● **WORK INSTRUCTIONS**
Scan the listing below for lines with the word "Blue". Report how many there are, as a number alone.

*** Opening DATA TO USE ***

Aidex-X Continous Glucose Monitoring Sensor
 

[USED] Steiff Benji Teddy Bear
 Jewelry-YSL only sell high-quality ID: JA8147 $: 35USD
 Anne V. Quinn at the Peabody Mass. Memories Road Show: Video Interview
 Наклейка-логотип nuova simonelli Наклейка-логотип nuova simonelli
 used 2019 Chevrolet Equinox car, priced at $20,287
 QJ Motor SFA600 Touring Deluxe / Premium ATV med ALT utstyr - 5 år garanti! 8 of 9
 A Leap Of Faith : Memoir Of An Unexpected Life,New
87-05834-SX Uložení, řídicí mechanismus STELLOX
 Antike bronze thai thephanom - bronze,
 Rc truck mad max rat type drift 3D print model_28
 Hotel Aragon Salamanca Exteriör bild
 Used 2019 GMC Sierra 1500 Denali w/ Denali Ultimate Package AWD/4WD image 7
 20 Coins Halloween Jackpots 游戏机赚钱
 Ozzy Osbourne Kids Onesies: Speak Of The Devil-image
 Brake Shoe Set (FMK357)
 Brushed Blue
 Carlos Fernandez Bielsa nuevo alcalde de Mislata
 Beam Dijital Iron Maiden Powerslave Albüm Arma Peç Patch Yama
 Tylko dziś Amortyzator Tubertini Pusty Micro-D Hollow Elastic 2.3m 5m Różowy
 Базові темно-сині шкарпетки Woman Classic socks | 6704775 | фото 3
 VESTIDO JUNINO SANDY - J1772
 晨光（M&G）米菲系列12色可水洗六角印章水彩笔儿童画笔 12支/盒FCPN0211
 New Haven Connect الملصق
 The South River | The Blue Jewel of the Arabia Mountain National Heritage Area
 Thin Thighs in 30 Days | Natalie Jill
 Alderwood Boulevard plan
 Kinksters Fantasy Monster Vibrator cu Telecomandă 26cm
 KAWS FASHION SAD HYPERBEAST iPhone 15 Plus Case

*** Closing DATA TO USE ***

● **RESULT FOR THIS TASK**
2